Contrary to Petitioner's contention, Respondent's reliance on MFCU's withhold request was not irrational, arbitrary or capricious. Respondent interprets and construes 18 NYCRR § 518.7(a)'s "reliable information" provision strictly, requiring only a State investigating agency to inform it of an ongoing investigation for fraud. As the regulation's plain language requires no more, such interpretation is not wholly irrational and must be deferred to by this Court. (Meyers, supra). As such, Petitioner's submission of proof challenging MFCU's investigation is irrelevant in this proceeding, more properly alleged in a proceeding directly challenging the allegedly nonexistent fraud investigation. Rather, at issue for Respondent's "reliable information" determination is whether a State investigating or prosecutorial agency informed Respondent of its ongoing investigation of a provider for fraud. As it is uncontested, on this record, that Respondent's withhold is based upon such information, Petitioner failed to demonstrate that Respondent's withhold is irrational, arbitrary or capricious.

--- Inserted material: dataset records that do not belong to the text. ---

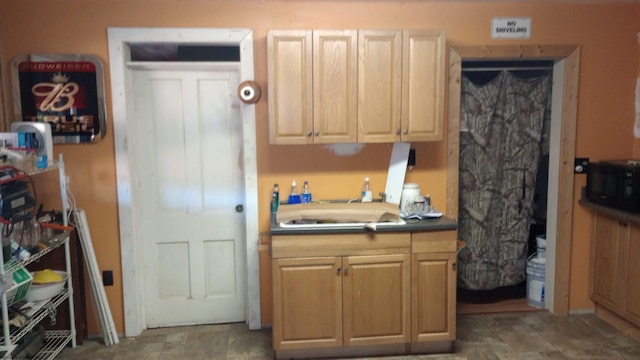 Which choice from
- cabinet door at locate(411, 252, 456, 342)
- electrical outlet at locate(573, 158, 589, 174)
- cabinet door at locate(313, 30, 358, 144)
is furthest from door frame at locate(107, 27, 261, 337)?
electrical outlet at locate(573, 158, 589, 174)

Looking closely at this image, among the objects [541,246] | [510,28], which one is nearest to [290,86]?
[510,28]

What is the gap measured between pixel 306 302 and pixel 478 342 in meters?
1.27

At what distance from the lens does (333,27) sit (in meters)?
3.12

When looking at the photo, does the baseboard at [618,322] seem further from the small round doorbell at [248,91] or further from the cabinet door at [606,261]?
the small round doorbell at [248,91]

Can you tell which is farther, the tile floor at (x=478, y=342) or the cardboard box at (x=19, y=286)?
the tile floor at (x=478, y=342)

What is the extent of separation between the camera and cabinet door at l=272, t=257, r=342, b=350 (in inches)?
108

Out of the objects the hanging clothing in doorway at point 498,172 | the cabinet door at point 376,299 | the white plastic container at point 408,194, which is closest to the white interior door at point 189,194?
the cabinet door at point 376,299

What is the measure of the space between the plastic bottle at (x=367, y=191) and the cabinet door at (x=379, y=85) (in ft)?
1.38

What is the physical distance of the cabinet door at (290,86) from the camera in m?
2.82

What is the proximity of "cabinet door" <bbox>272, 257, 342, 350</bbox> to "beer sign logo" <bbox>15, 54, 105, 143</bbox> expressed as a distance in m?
1.61

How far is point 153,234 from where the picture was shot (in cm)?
333

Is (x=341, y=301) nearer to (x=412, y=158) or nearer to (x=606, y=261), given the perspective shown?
(x=412, y=158)

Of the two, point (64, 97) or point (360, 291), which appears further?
point (64, 97)

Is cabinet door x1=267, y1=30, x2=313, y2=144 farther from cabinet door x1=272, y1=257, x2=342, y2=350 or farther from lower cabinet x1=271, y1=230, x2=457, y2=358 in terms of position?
cabinet door x1=272, y1=257, x2=342, y2=350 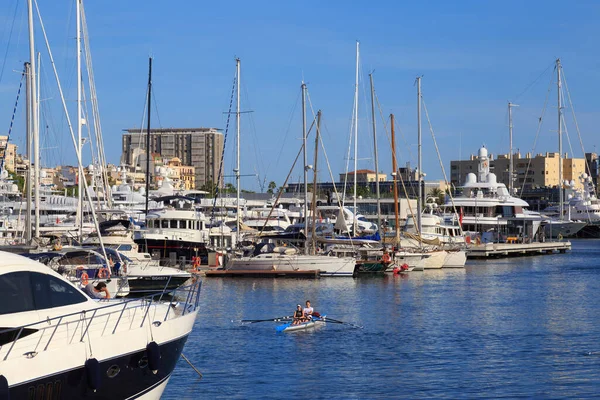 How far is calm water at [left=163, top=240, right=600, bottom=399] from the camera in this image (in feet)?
87.0

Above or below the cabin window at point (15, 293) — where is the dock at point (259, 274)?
below

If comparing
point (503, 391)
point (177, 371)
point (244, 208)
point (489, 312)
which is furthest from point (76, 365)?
point (244, 208)

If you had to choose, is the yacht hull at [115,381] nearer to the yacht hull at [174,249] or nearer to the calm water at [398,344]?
the calm water at [398,344]

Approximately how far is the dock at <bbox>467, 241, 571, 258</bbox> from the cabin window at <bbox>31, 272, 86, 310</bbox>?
232ft

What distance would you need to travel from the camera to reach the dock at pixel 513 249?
9094 centimetres

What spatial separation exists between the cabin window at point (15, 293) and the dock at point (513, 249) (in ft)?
235

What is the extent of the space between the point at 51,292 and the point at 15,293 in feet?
2.87

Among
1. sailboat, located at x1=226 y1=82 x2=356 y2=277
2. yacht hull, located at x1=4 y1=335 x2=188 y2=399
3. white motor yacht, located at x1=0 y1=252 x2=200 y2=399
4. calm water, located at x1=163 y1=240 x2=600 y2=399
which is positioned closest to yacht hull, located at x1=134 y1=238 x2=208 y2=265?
sailboat, located at x1=226 y1=82 x2=356 y2=277

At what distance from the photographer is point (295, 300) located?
47906mm

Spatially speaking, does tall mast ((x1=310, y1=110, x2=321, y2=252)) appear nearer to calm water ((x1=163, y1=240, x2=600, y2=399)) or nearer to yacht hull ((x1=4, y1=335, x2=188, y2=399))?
calm water ((x1=163, y1=240, x2=600, y2=399))

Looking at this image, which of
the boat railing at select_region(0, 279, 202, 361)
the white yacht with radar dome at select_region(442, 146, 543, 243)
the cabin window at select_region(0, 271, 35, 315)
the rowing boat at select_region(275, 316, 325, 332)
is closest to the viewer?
the boat railing at select_region(0, 279, 202, 361)

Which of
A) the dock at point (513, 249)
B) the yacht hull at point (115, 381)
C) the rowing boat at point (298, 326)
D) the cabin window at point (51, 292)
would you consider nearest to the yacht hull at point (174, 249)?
the rowing boat at point (298, 326)

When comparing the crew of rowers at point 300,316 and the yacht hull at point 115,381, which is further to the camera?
the crew of rowers at point 300,316

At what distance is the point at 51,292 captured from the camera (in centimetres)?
Result: 1791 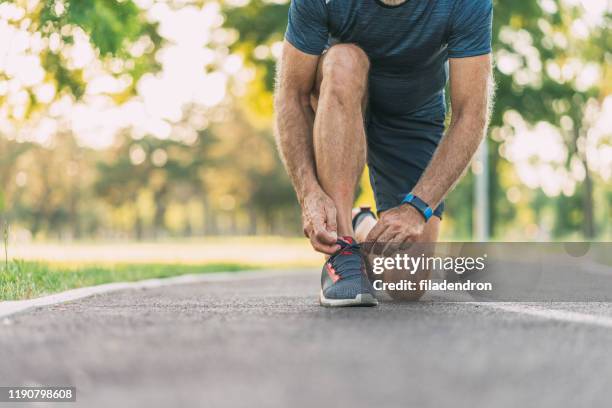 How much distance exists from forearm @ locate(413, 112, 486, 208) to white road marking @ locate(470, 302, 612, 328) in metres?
0.52

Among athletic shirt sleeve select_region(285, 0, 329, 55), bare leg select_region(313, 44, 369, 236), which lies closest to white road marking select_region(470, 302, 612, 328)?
bare leg select_region(313, 44, 369, 236)

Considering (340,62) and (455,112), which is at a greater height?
(340,62)

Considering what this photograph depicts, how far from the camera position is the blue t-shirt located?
12.2ft

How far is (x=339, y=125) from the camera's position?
12.4 ft

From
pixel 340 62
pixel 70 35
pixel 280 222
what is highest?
pixel 70 35

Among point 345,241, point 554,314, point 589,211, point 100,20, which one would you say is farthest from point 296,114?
point 589,211

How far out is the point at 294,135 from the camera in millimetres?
3922

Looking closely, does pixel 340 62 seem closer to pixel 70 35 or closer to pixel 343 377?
pixel 343 377

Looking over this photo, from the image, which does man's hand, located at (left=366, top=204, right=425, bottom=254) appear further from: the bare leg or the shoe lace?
the bare leg

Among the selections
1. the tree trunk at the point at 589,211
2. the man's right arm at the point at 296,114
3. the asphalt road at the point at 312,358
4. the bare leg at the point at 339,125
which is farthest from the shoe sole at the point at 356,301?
the tree trunk at the point at 589,211

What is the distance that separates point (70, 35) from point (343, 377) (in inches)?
198

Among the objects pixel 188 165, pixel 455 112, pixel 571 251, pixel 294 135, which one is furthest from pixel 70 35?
pixel 188 165

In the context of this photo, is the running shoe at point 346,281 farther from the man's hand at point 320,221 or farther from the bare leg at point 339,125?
the bare leg at point 339,125

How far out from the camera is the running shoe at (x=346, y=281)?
3371 millimetres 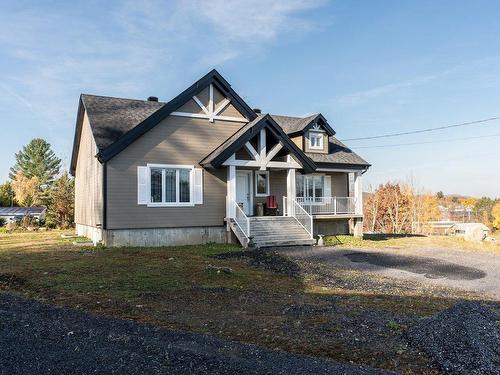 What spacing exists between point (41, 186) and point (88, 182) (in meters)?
43.5

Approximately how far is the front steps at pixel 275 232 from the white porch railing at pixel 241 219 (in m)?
0.16

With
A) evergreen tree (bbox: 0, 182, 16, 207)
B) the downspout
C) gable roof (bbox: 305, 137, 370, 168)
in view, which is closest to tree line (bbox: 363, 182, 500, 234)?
gable roof (bbox: 305, 137, 370, 168)

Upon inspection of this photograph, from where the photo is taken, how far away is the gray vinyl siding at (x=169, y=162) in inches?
653

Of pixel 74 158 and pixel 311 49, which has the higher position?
pixel 311 49

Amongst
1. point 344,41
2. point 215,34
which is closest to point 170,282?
point 215,34

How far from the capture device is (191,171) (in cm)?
1806

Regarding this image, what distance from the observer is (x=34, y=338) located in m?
5.33

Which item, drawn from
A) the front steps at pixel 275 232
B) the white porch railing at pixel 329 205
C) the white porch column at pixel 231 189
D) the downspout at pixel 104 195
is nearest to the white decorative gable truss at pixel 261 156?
the white porch column at pixel 231 189

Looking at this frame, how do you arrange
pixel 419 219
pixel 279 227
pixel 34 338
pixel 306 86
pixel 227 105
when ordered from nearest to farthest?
pixel 34 338
pixel 279 227
pixel 227 105
pixel 306 86
pixel 419 219

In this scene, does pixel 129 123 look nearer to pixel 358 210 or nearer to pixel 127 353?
pixel 358 210

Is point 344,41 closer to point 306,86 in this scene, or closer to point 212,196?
point 306,86

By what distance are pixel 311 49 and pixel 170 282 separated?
15.1 meters

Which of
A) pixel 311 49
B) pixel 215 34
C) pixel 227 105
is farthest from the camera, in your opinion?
pixel 311 49

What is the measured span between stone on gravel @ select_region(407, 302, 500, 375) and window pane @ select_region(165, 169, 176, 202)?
42.6 ft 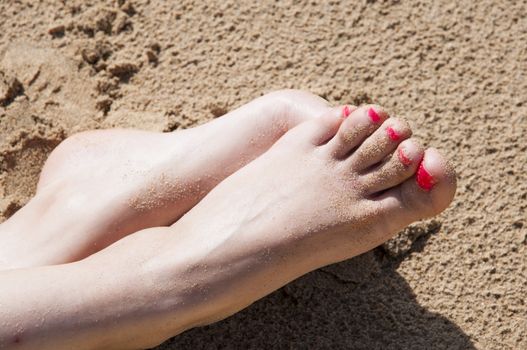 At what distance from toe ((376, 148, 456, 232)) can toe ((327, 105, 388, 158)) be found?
0.10 metres

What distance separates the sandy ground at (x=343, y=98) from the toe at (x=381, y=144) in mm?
210

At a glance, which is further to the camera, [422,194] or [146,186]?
[146,186]

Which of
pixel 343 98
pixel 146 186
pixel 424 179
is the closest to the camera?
pixel 424 179

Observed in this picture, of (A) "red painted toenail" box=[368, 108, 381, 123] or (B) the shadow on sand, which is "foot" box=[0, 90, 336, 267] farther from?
(B) the shadow on sand

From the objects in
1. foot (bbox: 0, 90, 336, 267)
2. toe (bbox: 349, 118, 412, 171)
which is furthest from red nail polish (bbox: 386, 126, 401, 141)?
foot (bbox: 0, 90, 336, 267)

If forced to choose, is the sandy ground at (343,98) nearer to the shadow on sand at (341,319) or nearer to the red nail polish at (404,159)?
the shadow on sand at (341,319)

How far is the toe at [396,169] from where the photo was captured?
1309mm

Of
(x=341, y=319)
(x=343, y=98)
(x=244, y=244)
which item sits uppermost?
(x=343, y=98)

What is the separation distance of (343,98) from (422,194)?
1.22 ft

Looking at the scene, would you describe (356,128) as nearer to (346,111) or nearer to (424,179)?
(346,111)

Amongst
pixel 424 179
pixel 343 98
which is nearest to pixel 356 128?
pixel 424 179

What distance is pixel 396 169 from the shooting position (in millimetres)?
1326

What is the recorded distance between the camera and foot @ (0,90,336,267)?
1417 millimetres

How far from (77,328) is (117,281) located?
10 centimetres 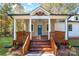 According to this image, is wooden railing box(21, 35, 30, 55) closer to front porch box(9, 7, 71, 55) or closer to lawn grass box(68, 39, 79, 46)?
front porch box(9, 7, 71, 55)

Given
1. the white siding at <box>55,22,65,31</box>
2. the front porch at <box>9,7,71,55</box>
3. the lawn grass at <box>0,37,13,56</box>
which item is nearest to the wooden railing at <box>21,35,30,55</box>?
the front porch at <box>9,7,71,55</box>

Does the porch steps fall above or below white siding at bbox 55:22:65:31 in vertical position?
below

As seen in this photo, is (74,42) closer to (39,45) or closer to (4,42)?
(39,45)

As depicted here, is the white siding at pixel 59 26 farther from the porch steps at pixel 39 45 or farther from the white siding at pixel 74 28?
the porch steps at pixel 39 45

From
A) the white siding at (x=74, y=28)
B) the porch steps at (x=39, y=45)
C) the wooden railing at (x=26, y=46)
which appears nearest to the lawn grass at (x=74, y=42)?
the white siding at (x=74, y=28)

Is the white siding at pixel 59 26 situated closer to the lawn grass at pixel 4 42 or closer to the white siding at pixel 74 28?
the white siding at pixel 74 28

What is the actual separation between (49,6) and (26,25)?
1.78 ft

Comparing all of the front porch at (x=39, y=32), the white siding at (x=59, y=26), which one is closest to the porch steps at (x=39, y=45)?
the front porch at (x=39, y=32)

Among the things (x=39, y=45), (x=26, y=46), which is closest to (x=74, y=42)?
(x=39, y=45)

Accordingly, the Petition is dismissed.
This Decision and Order is being returned to the attorneys for the Respondent. A copy of this Decision and Order and all other original papers submitted on this motion are being delivered to the Albany County Clerk for filing. The signing of this Decision and Order shall not constitute entry or filing under CPLR § 2220. Counsel is not relieved from the applicable provision of that section respecting filing, entry and notice of entry.
So Ordered.
PAPERS CONSIDERED:
1. Order to Show Cause, dated September 2, 2010; Verified Petition, dated September 2, 2010; Affidavit of Constance Laymon, dated September 2, 2010, with attached Exhibits A-C; Affidavit of Hermes Fernandez, dated September 2, 2010, with attached Exhibits A-F.
2. Answer, dated October 13, 2010 with attached Exhibits A-F; Affidavit of Kathleen Watras, dated October 13, 2010.